Testify
John 1:6-8, 19-28

by | Dec 15, 2023

PRAYER:  Holy God, enter into this space today as we share our stories and listen for how you are acting in and through us.  Teach us to prepare ourselves by recognizing the stories of others as sacred and beloved by you.  Enable us to show through our own stories how we are all playing a part in your grand story.  May the words of my mouth and the meditations of all of our hearts be acceptable to you, O God, my rock and my redeemer.  Amen.


I was at work one day when everyone in my department was suddenly called into my manager’s office.  Big news was coming.  Our manager was breathless as she announced that some big boss was coming.  I remember that this guy was one of the chief executive officers – not the top guy, but one of them – and he was going to be coming for a day or two of meetings and we all had to be ready.  We had a week to prepare.

Everything in our day-to-day operation became focused on the big boss coming for meetings.  If I sound unimpressed now, imagine how I felt then.  But we had to be ready for this guy coming… now you might think that this preparation might involve cleaning up our desks, making sure that the counter tops were free of clutter, or that the office was tidy… and you would only be partly right.  My manager’s main focus in us being ready for the visiting muckety-muck was that we had to be armed with questions to ask.  Important questions, questions that demonstrated how fully we were invested in the future of the company and questions that showed how dedicated we were to the stock position of the company.  We literally had more than one meeting to plan out the questions we were going to be asking this guy.

One problem… the questions we were supposed to be asking had absolutely nothing to do with the jobs that we did every day.  I couldn’t care less about this visiting VIP because I had work to do and anything he had to say was more-than-likely not going to change any of that.

I was in that corporate world for over 30 years and believe me, I saw more than my share of this kind of behavior where people are constantly trying to impress the people above them on the corporate ladder.  It’s not for me.  I believed then, and I believe now that the best way to impress people (the people you need to impress at least) is to just do your job to the best of your ability.  That’s all I wanted to do.  I wanted this visitor to come in and see me working, not listening ti me brown-nosing him with some questions that had no impact on my life.
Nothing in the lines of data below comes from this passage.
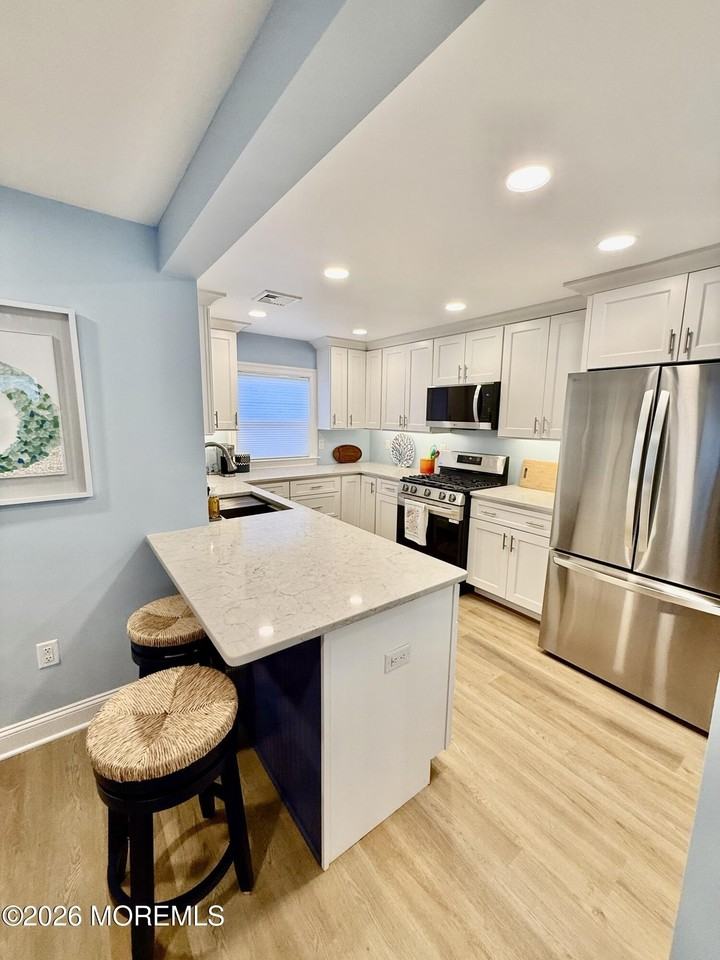408 13th Ave - Photo 4 of 22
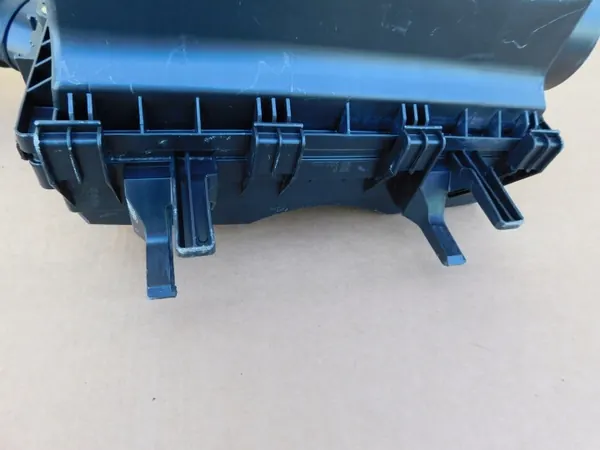 Luftfiltergehäuse + Rohr OEM A0000907801 Gebraucht image 3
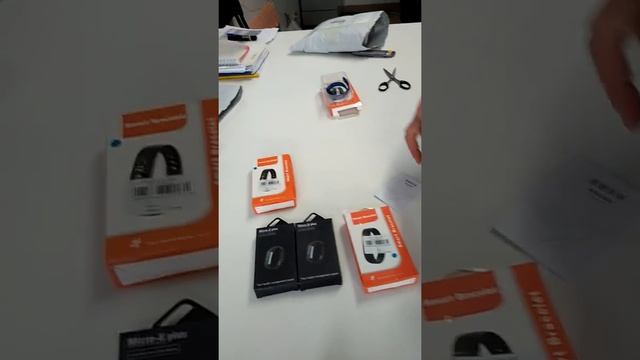 Unboxing de Smart Bracelet ID115 / Smartband Micro-K Plus смотреть онлайн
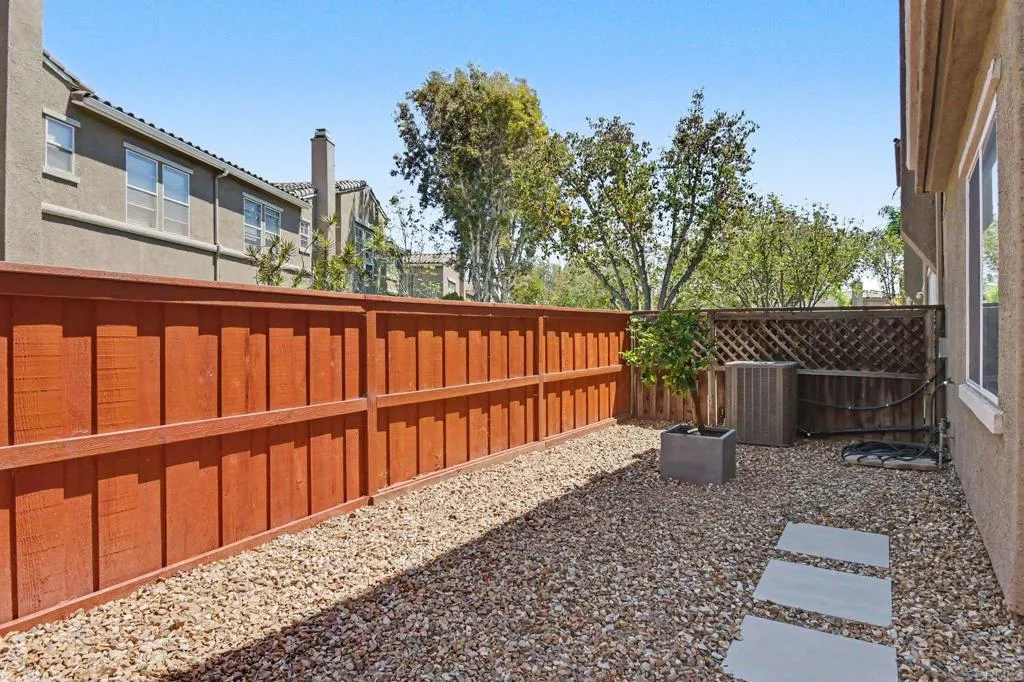 https://cdn.realtyfeed.com/cdn/127/306797721/7a125cf127f34792e0a8a1a42e6ac017.webp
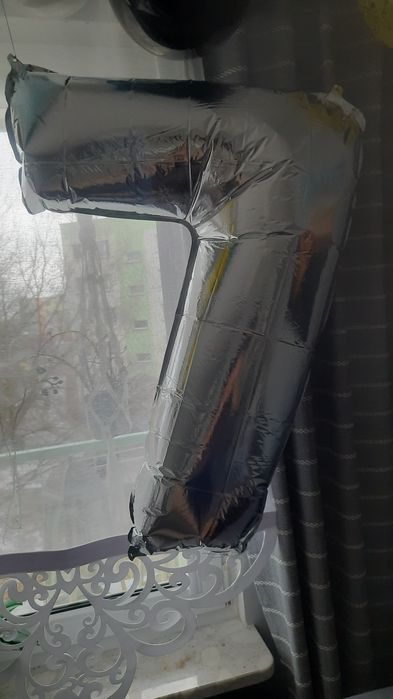 Balon urodzinowy srebny  cyfra 7  Duza plus świeczka na tort srebna 7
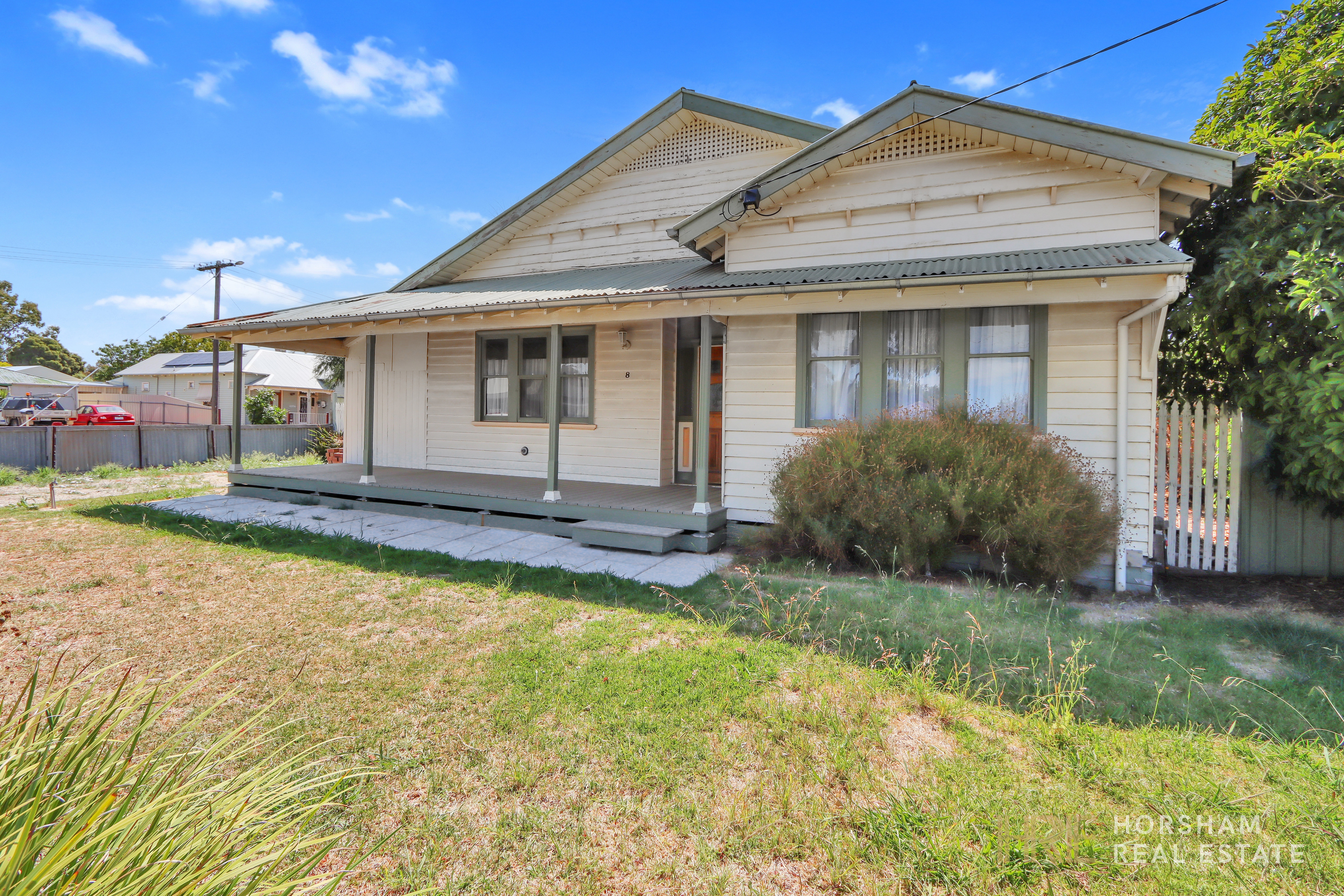 8 Wawunna Road, HORSHAM VIC 3400
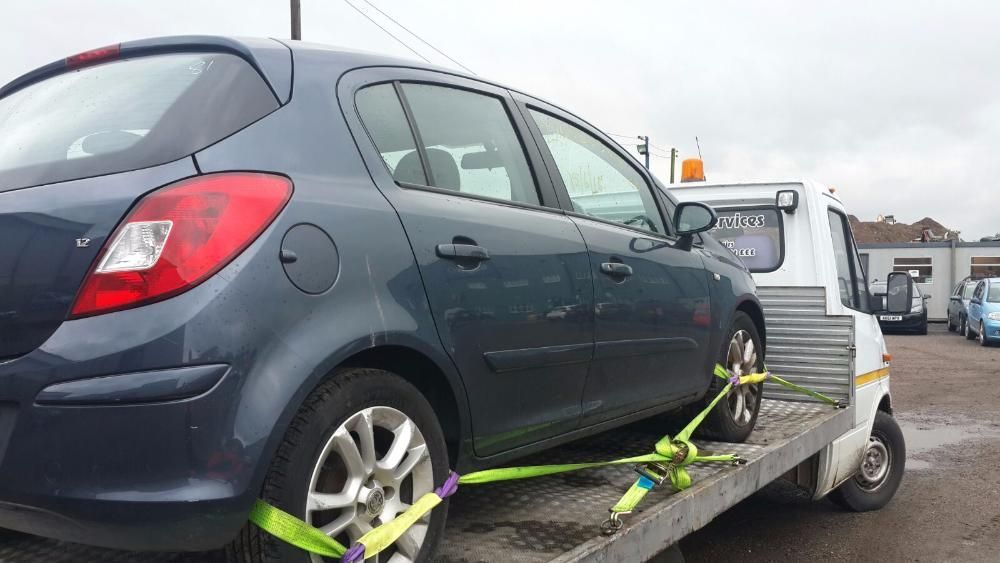 Dezmembrez Opel Corsa D(4usi) 1.2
The world tries to tell us how to identify ourselves and many times that doesn’t align with who we really are.  We are often asked to label ourselves in ways that allow others to categorize us (and assume they understand us).  My manager went out of her way to ensure that the visiting boss would not see and meet the real people who worked for him.  As we prepare for Jesus this Advent, we are called to live into our identity in Christ and to testify to the light – the true light of Christ in our lives.

Throughout Advent, we have been talking about “preparing”.  But here, John is showing us that the part of preparing for Jesus that comes to each and every one of us is to testify or bear witness to the ways we have already experienced Jesus.  Think about what “testify” means legally – it is saying what we have seen.  To testify is to tell our stories of what God has done in our lives.  To testify is to tell how our story is part of God’s story.

Testifying is not an easy thing to do.  In fact, it can be downright hard for most of us – especially when people are not receptive.  And for John, he certainly met with many who were receptive, but the Pharisees, many of the people in authority – certainly were not among the receptive.  For him to do what he did, it took a great deal of courage.  Verse 20 says, “He confessed and did not deny it.”  Regardless of what the Pharisees might have thought of him, he confessed and did not deny who and whose he was.  So often, in conversations about faith, we sugarcoat or fear what others will think.  What does it look like to push through and confess who Jesus is for us?

“I am not the Messiah,” he said.  John the Baptist was very clear.  He puts God first.  This does not mean putting ourselves down, but it is a reminder to us and others that God is first.  It is a call to authenticity.  I appreciate how John is honest about who he is.  The Pharisees are asking John who he is; they’re practically inviting him to claim a higher status for himself.  They probably expect him to claim the kind of role/power/identity for himself that they do for themselves.  They want him to play their game.  How often does the world ask us to be a certain way, to achieve, to make a name for ourselves?  But God is not asking John – or us – to do anything more than say who he is and where God interceded.  Our faith calls for the kind of authenticity and witness that the world does not promote or want to hear.

To testify is to tell how our story is part of God’s story.  But our story need not be glossed up and polished.  We don’t have to have a bunch of meetings to prepare what questions we will ask or how our story will be navigated.  Our story doesn’t have to be shiny; it’s better that our story simply be authentic.  It is in those honest, perhaps even gritty parts of our story in which God breaks in.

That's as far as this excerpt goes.